Patent Reform Act of 2007


The Patent Reform Act of 2007 was a bill introduced in the 110th United States Congress to introduce changes in United States patent law. Democratic Congressman Howard Berman introduced the House of Representatives bill on April 18, 2007. Democratic Party Senator Patrick Leahy introduced the Senate bill on April 18, 2007. The bill passed the house but died in the Senate.
The bills broadly resembled the proposed Patent Reform Act of 2005 which would have enacted many of the proposals recommended by a 2003 report by the Federal Trade Commission and a 2004 report by the National Academy of Sciences. Similar acts were introduced as the Patent Reform Act of 2009 in the 111th Congress and as the America Invents Act in the 112th.

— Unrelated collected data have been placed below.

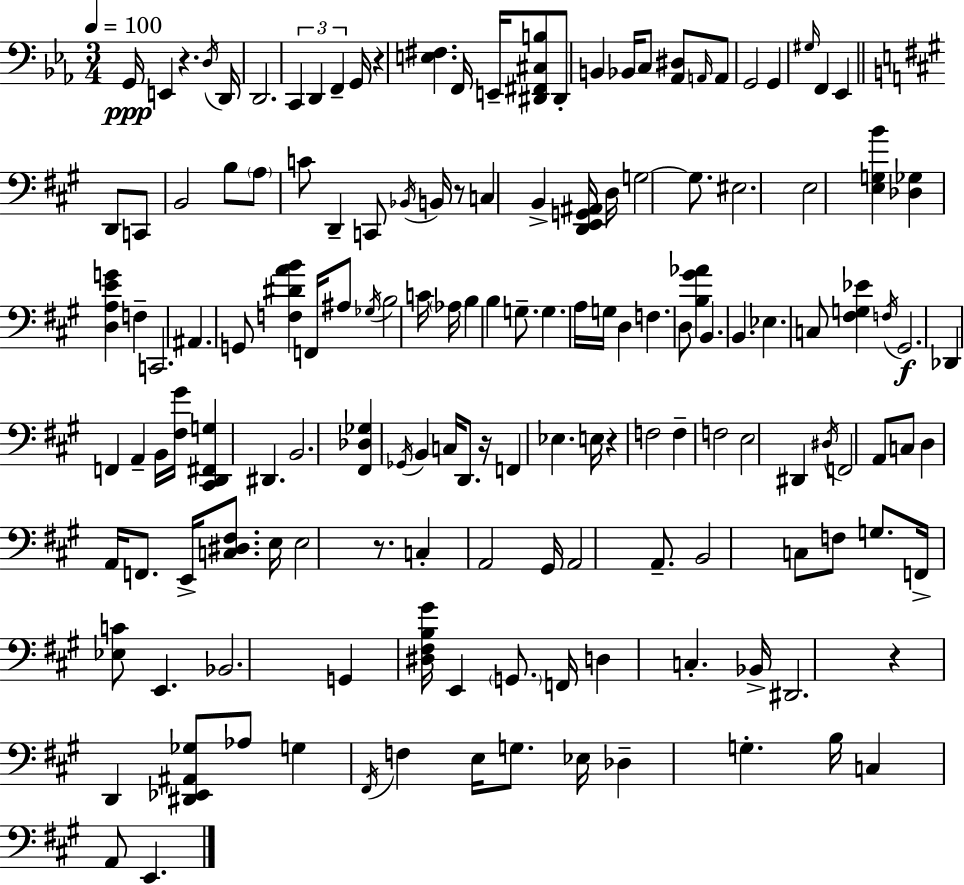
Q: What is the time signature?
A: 3/4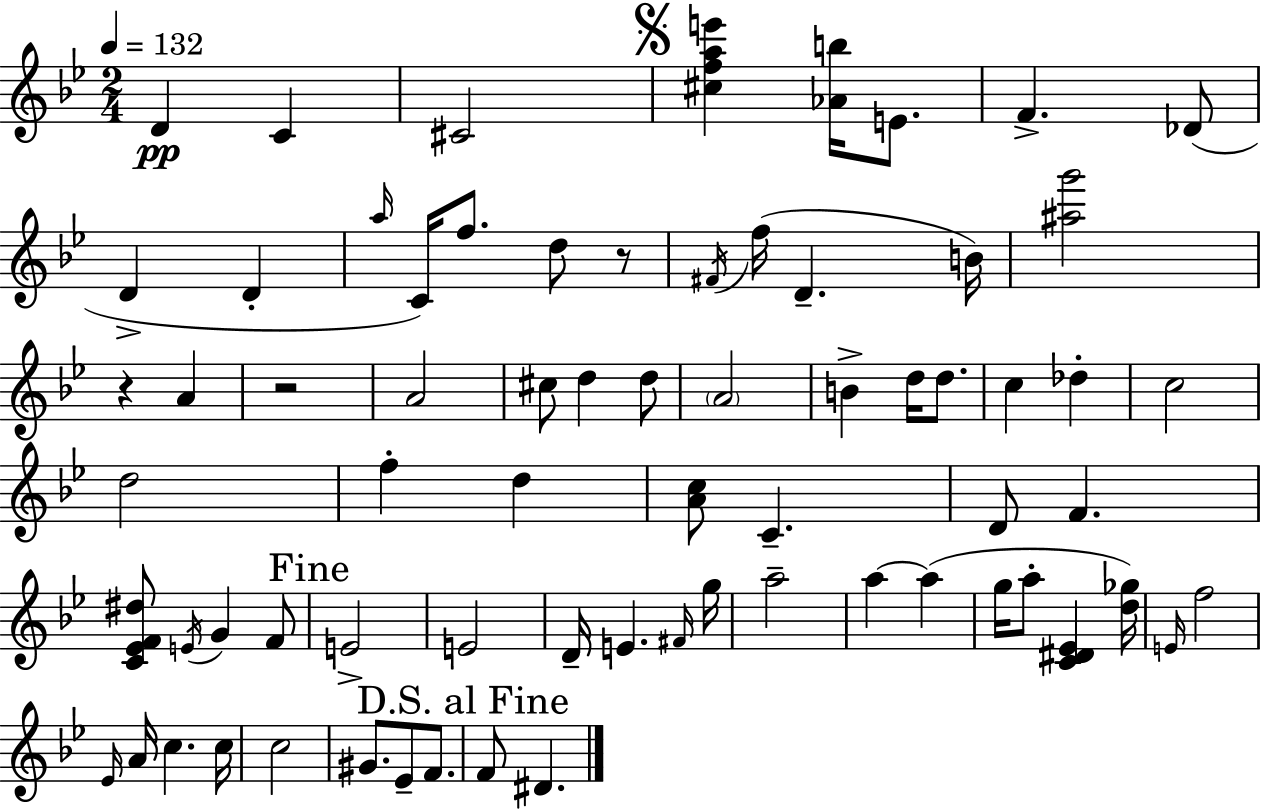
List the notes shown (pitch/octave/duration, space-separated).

D4/q C4/q C#4/h [C#5,F5,A5,E6]/q [Ab4,B5]/s E4/e. F4/q. Db4/e D4/q D4/q A5/s C4/s F5/e. D5/e R/e F#4/s F5/s D4/q. B4/s [A#5,G6]/h R/q A4/q R/h A4/h C#5/e D5/q D5/e A4/h B4/q D5/s D5/e. C5/q Db5/q C5/h D5/h F5/q D5/q [A4,C5]/e C4/q. D4/e F4/q. [C4,Eb4,F4,D#5]/e E4/s G4/q F4/e E4/h E4/h D4/s E4/q. F#4/s G5/s A5/h A5/q A5/q G5/s A5/e [C4,D#4,Eb4]/q [D5,Gb5]/s E4/s F5/h Eb4/s A4/s C5/q. C5/s C5/h G#4/e. Eb4/e F4/e. F4/e D#4/q.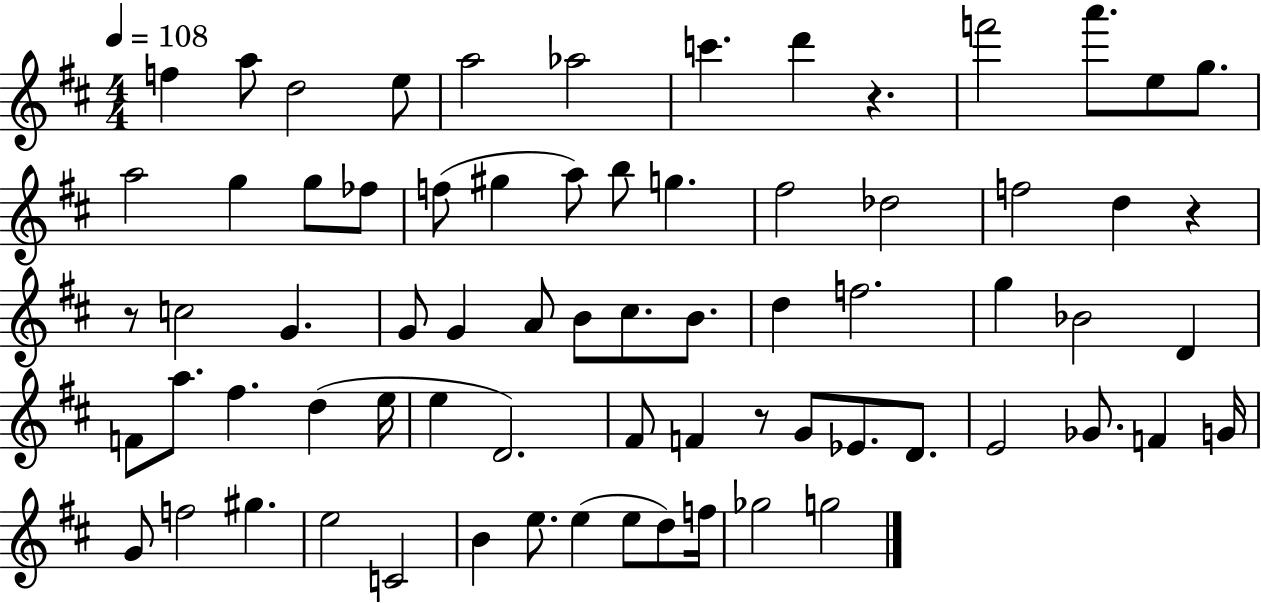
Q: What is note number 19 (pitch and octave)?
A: A5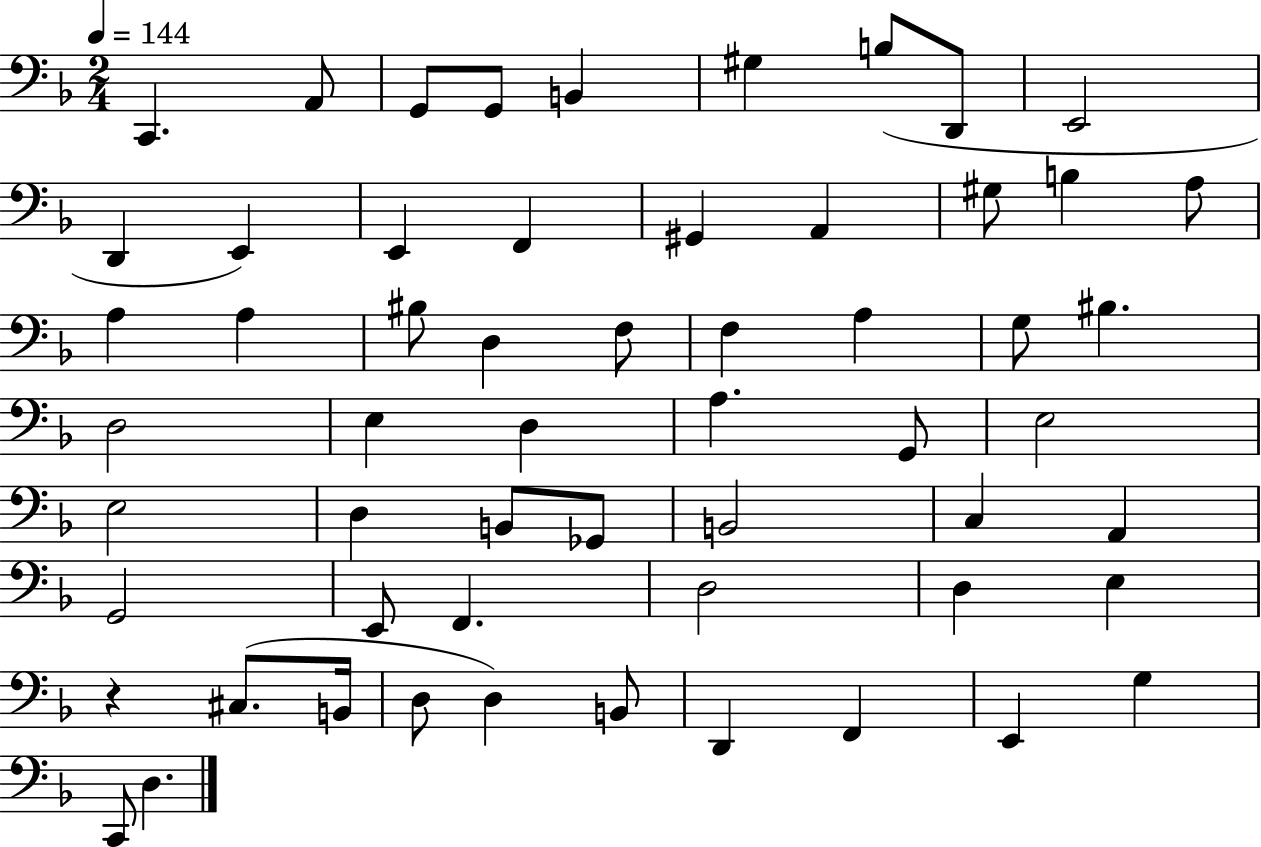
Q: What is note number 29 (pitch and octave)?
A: E3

Proposed changes in U.S. patent law

In certain respects, H.R. 1908 and S. 1145 would have made American patent law more similar to patent laws of many other countries. H.R. 1908 proposed the following changes in U.S. patent law:

Switch from first to invent to first to file

In 2007, the United States was the only country in the world that gave priority to the application that claims the earliest invention date, regardless of which application arrives first. The first-to-invent system is thought to benefit small inventors, who may be less experienced with the patent application system. Critics of the first-to-file system also contend it would create a "race to the mailbox," and would result in sloppier, last-minute patent applications. However, the first-to-invent system requires the United States Patent and Trademark Office to undertake lengthy and complicated "interference" proceedings to try to determine who invented something first when claims conflict. The first-to-file system, supporters contend, would inject much-needed certainty into the patent application process. Finally, because every other country is on a first-to-file system, supporters claim that the majority of patent applicants and attorneys are already operating on a first-to-file basis.

Damages

The version of the bill that passed the House contained dramatic changes to the way damages are determined when a court determines that an accused infringer has indeed infringed.
The bill specifically limited royalty recovery to the "economic value properly attributable to patent's specific contributions over the prior art,"—that is, the inventive portion of the claim, as opposed to the whole claim. The bill additionally required a detailed record to be created of the basis for determining damages, presumably for use during appeal procedures, and finally, the bill created new limitations on when the whole market value of an infringing product was used as the royalty base.

Other proposed provisions

The bill would also have made the following changes:
The House version of the bill passed; the Senate version failed to pass in the 110th Congress. On September 4, 2007 the United States House Committee on the Judiciary reported the bill H.R. 1908, as amended, with the recommendation that it be passed by the House. The House passed the bill by a vote of 220-175 on September 7, 2007. It was favored among Democrats and disfavored among Republicans. The Senate Committee on the Judiciary marked up the bill on June 16, 2007 and ordered the bill reported. The report, S. Rpt. 110-259, was issued on January 24, 2008. The bill stalled and Senate Majority Leader Harry Reid removed it from consideration.

Reactions and lobbying

Yongshun Cheng, former Deputy Director of the IP Division of the Beijing High People's Court, has criticized the bill as being hypocritical. He asserts that the US should not be weakening the rights of US patent holders at the same time it is pressuring the Chinese government to strengthen the rights of Chinese patent holders.
The Indian Pharmaceutical Alliance has pointed out that the provisions of the bill which allow for the validity of a US patent to be challenged shortly after the patent issues, could favor Indian generic drug manufacturers by lowering the cost and legal risks associated with challenging drug patents of questionable validity.